• [Exercise prompt]: Before writing anything, find the line that contains "Gw Instek GPS-2303", then retype the entries below exactly from their first line through that one, without pictures.

(Image-caption web data)
● ● ●

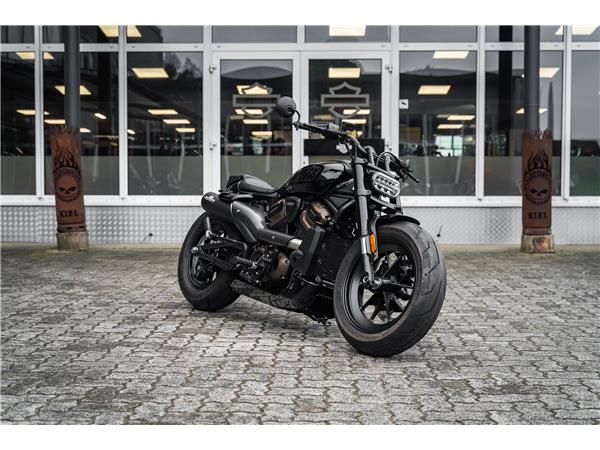 Harley-Davidson Kiel RH1250S Sportster S - Jekill&Hyde - seitl. Kennz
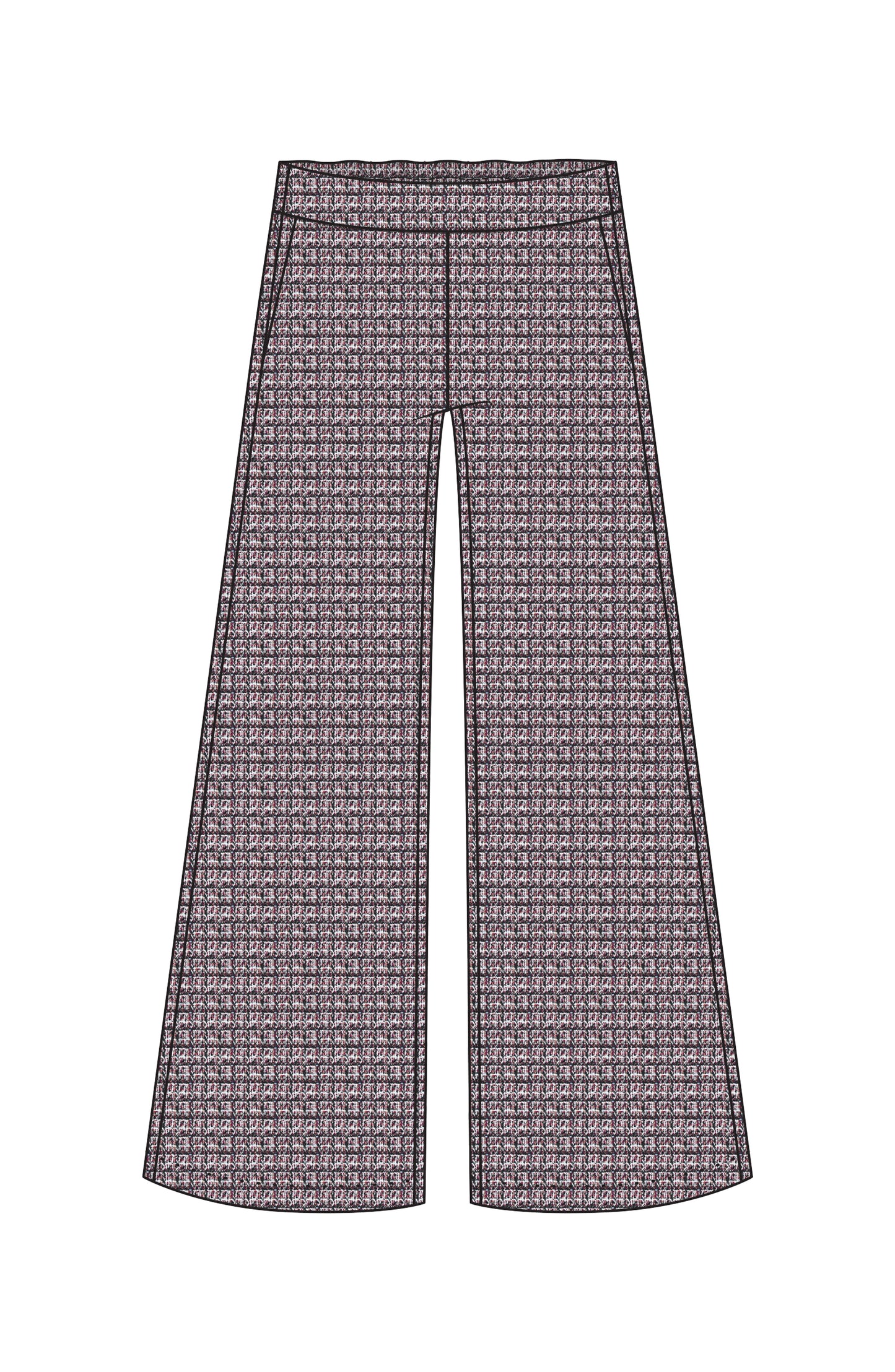 Mabel pull-on crop stovepipe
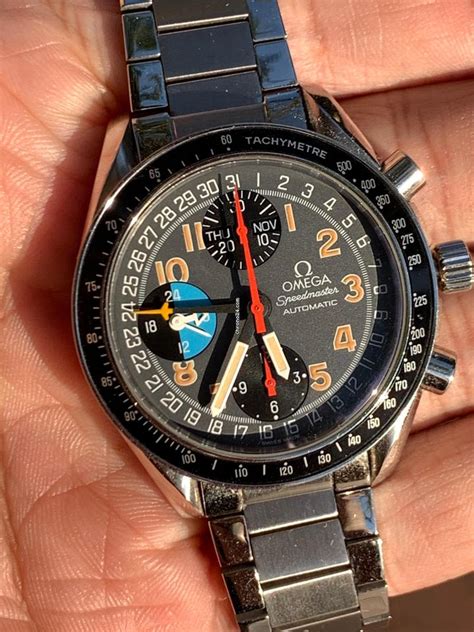 omega speedmaster day date mark 40|Omega Speedmaster racing 40mm.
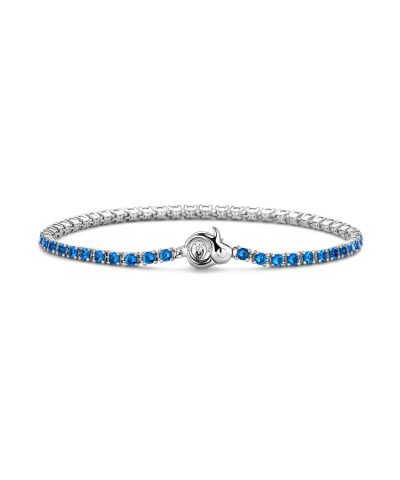 Ti Sento - Milano silver tennis bracelet 2995DB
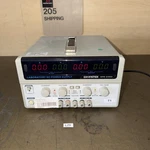 Gw Instek GPS-2303 Laboratory Dc Power Supply 0-30V, 3A *warranty*. Fixed Price $245.00.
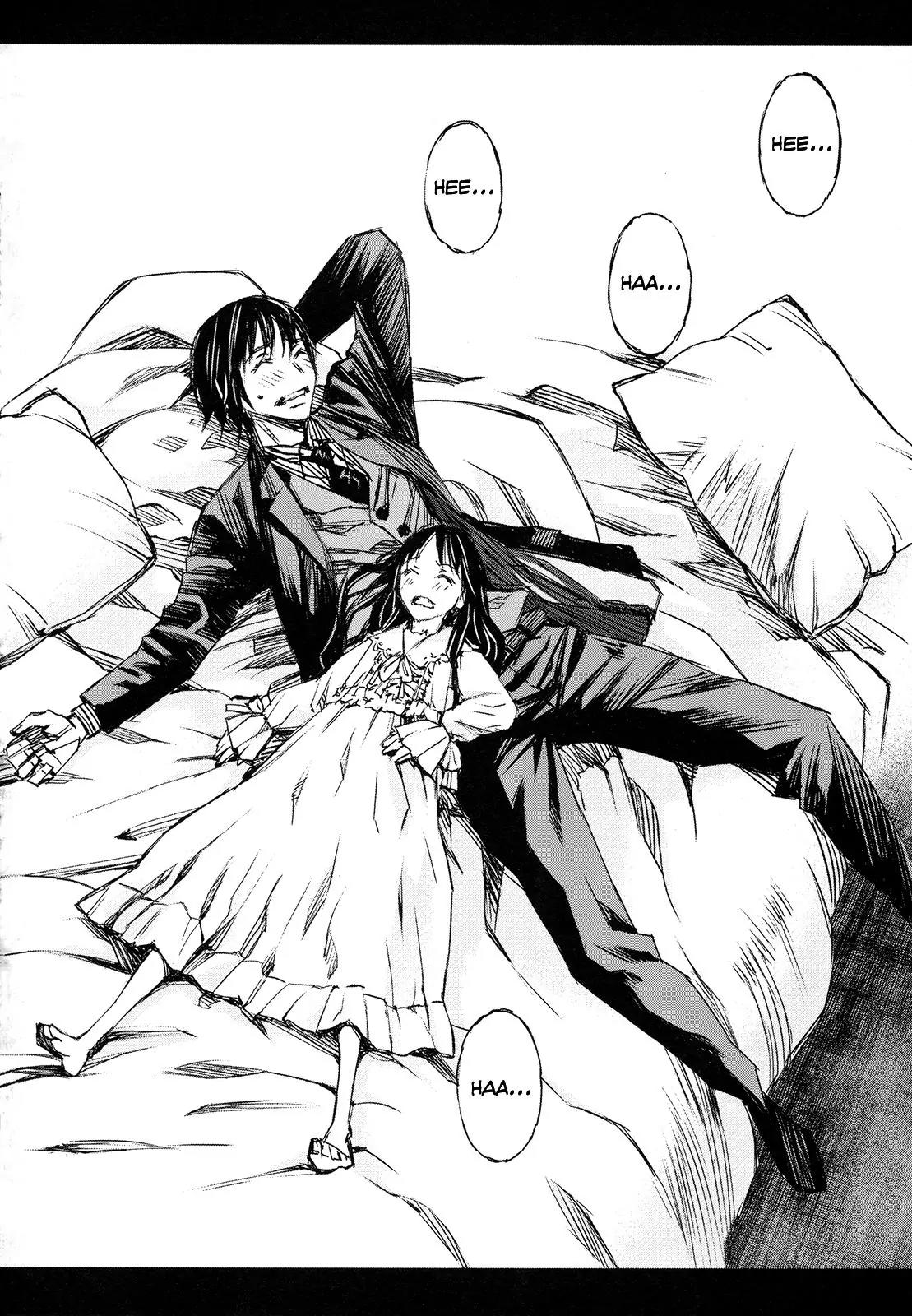 Blood Alone Chapter 43 page 7 - Chapter 43: I Cannot Sleep In Peace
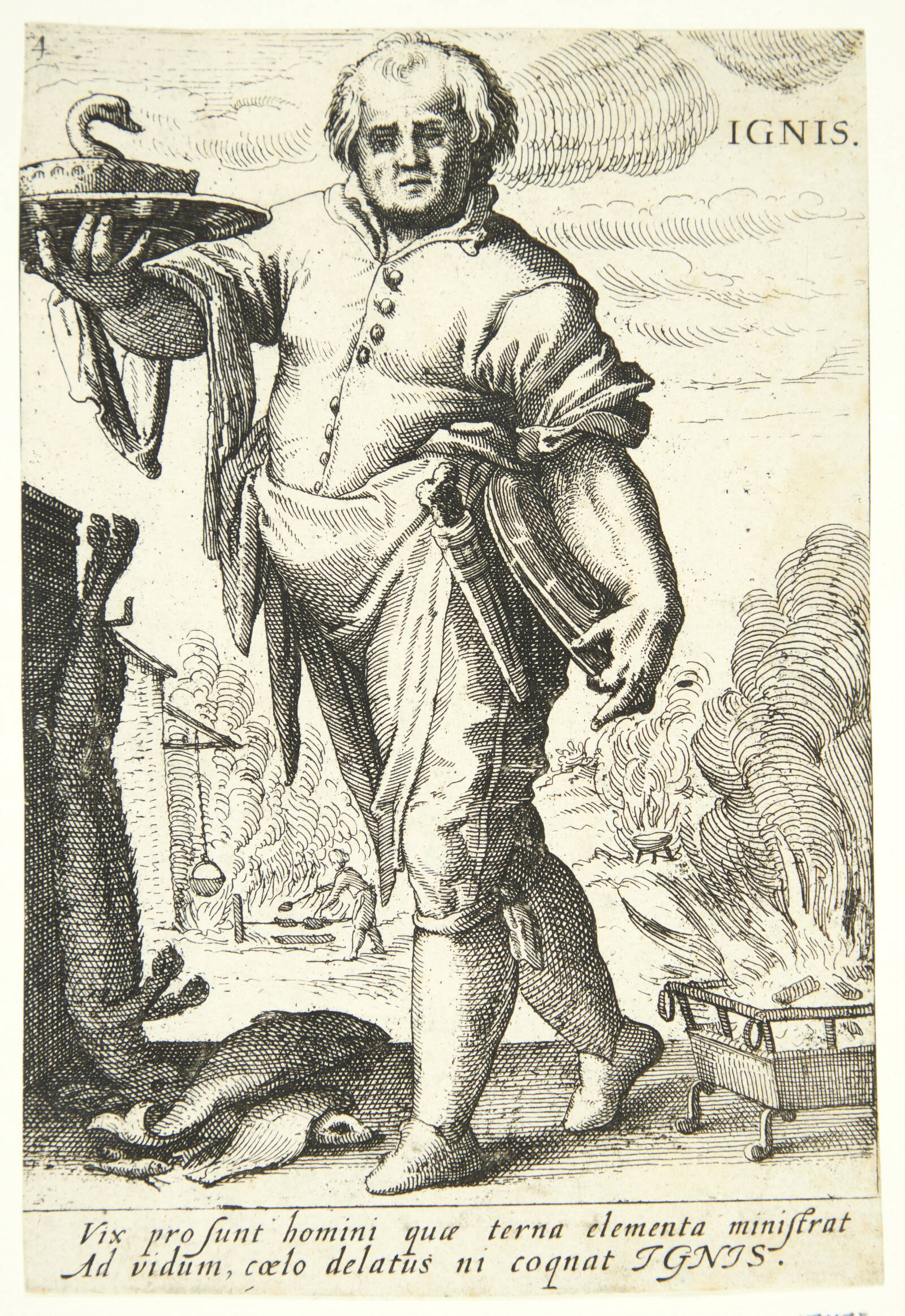Ild (Ignis), Ubekendt, 1597-1696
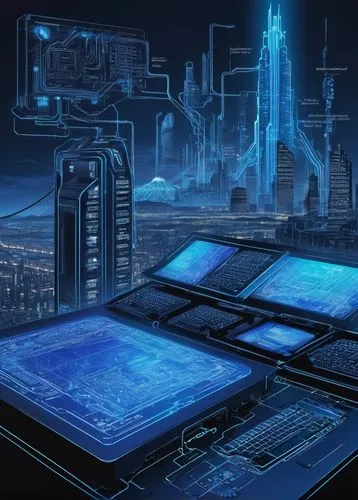 cybercity,cyberport,cybertown,technological,electronic market,cyberonics,electronics,microcomputers,cyberview,technologies,cybernet,futurenet,futuristic landscape,digitalization,touchscreen,smart city,touchscreens,technology of the future,silico,exynos,Unique,Design,Blueprint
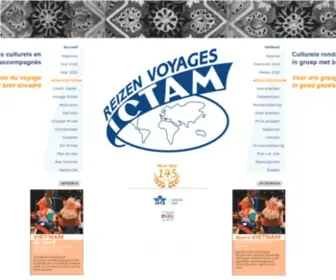 Ictam.com(Voyages Ictam Reizen) Screenshot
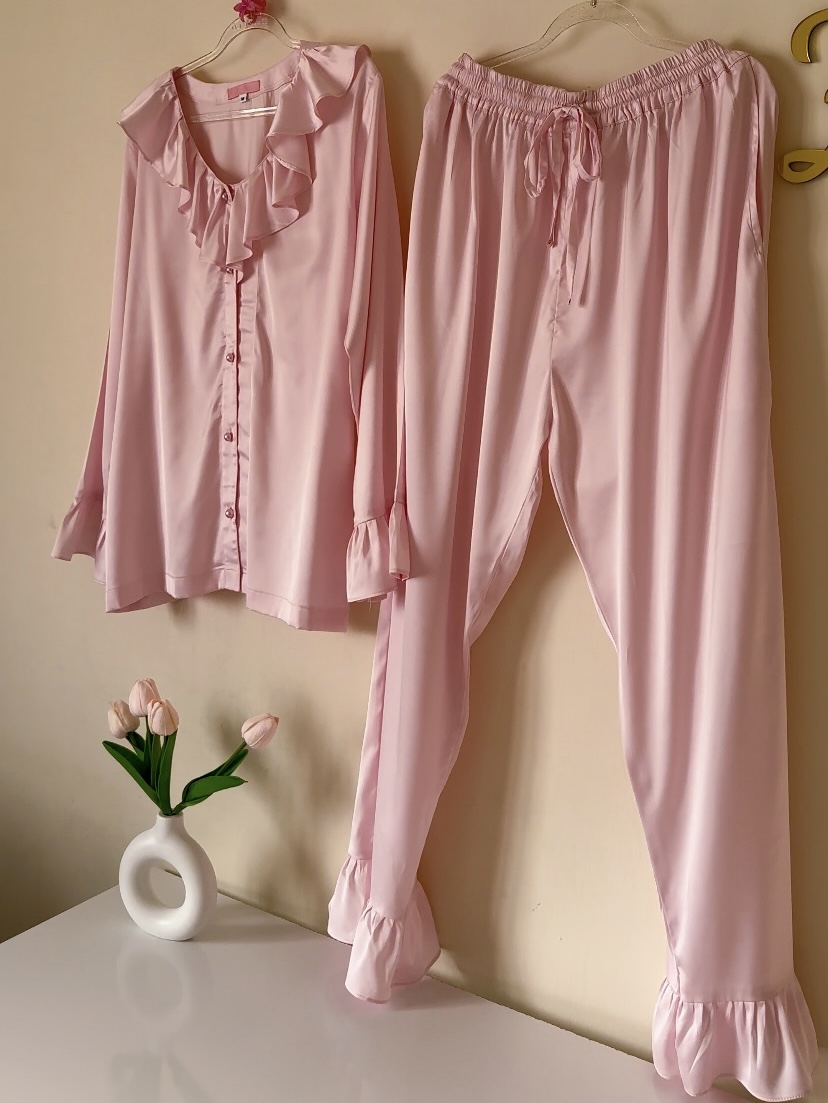 Pink marshmello  pajama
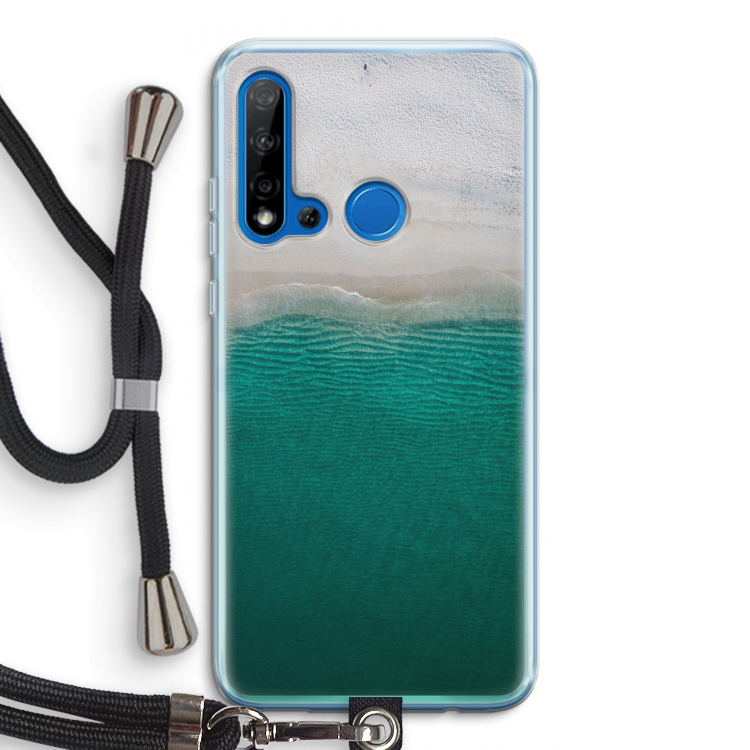 Stranded: Huawei P20 Lite (2019) Transparant Hoesje met koord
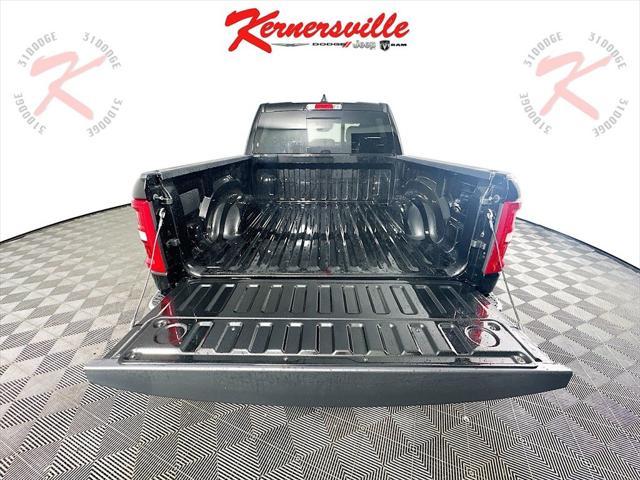 new 2025 Ram 1500 car, priced at $44,588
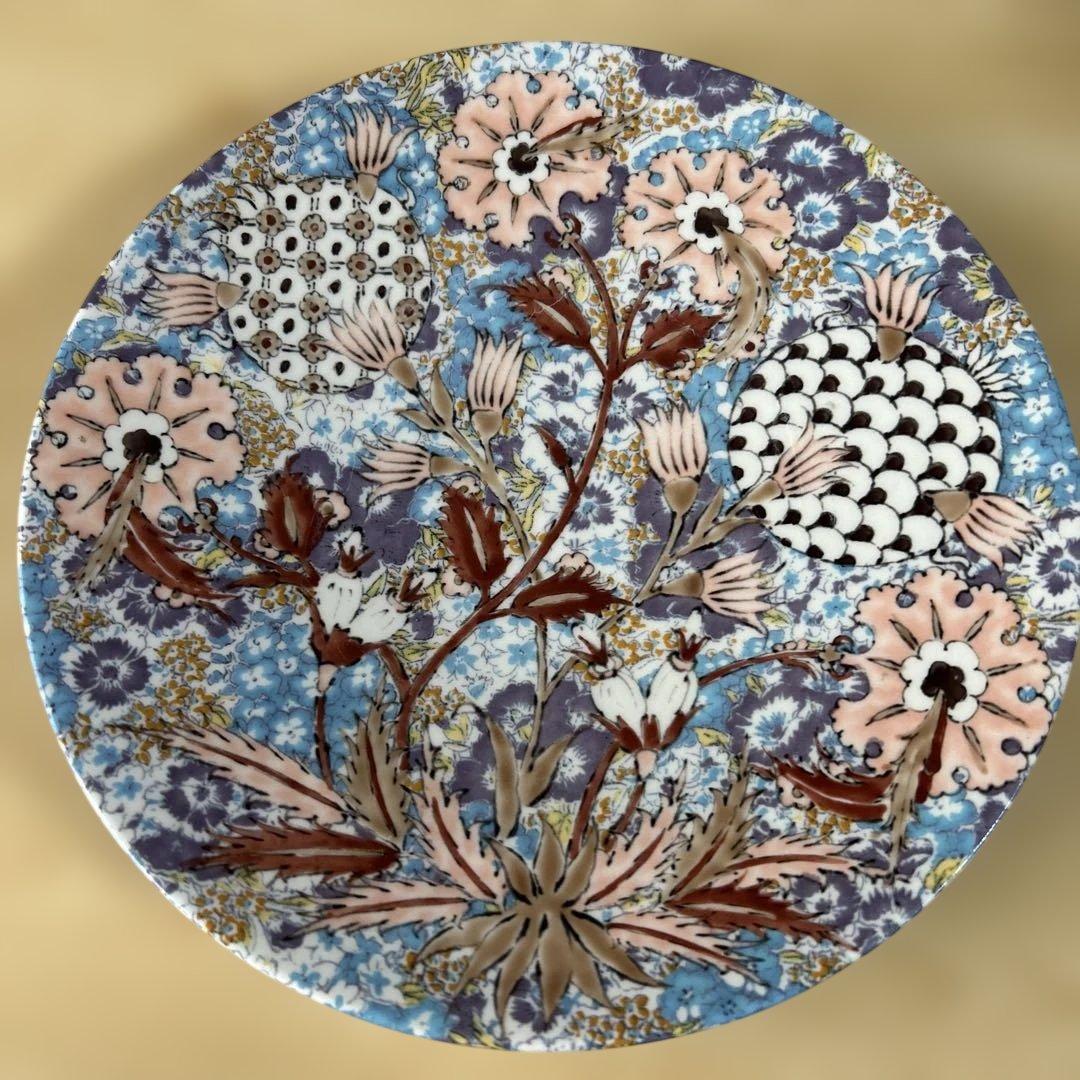 シアタープロダクツ トルコ鍋島 波佐見焼 皿 ソーサー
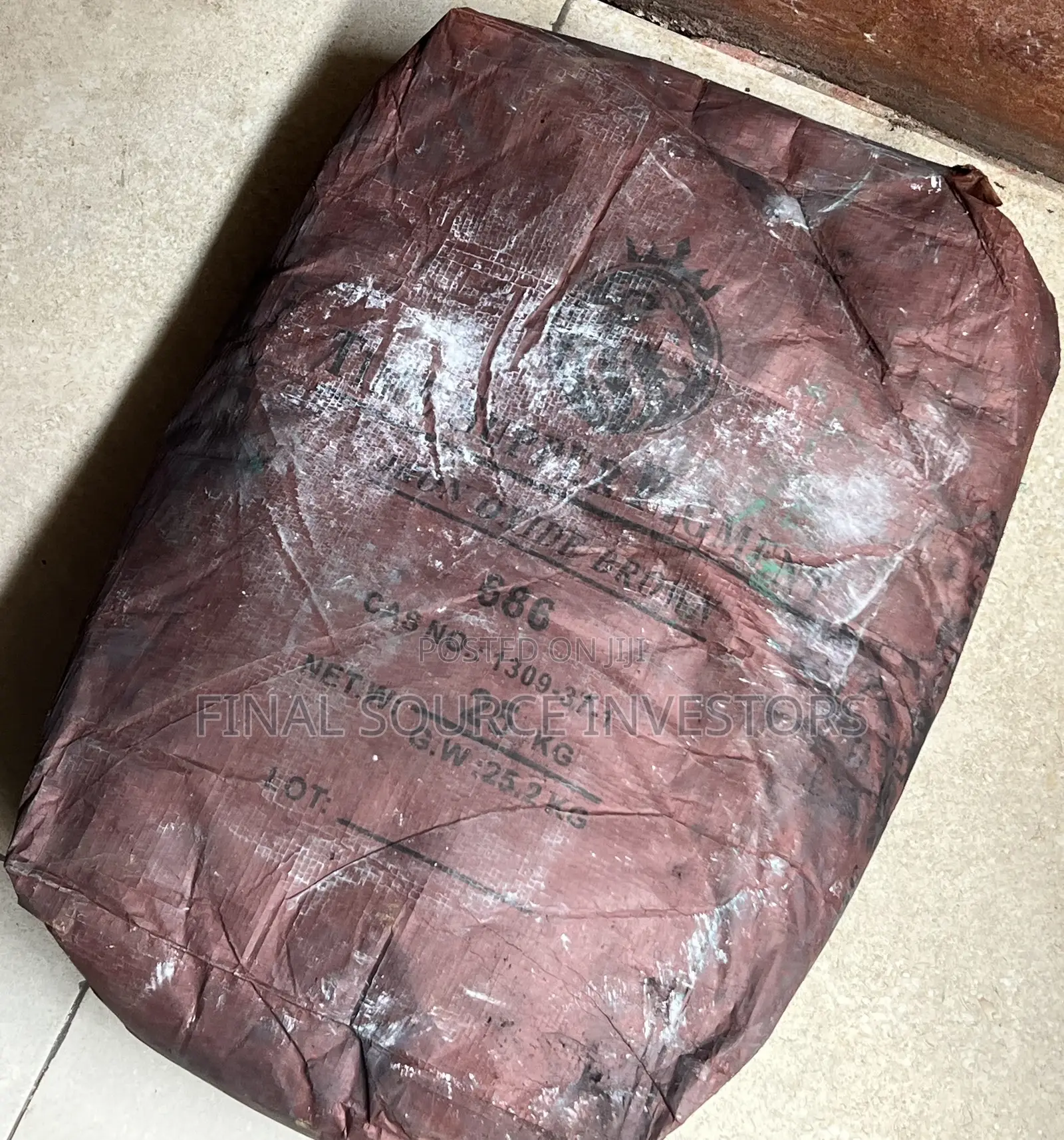 Brown Iron Oxide Pigment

● ● ●

• [Task answer]:
 Harley-Davidson Kiel RH1250S Sportster S - Jekill&Hyde - seitl. Kennz
 Mabel pull-on crop stovepipe
 omega speedmaster day date mark 40|Omega Speedmaster racing 40mm.
 Ti Sento - Milano silver tennis bracelet 2995DB
 Gw Instek GPS-2303 Laboratory Dc Power Supply 0-30V, 3A *warranty*. Fixed Price $245.00.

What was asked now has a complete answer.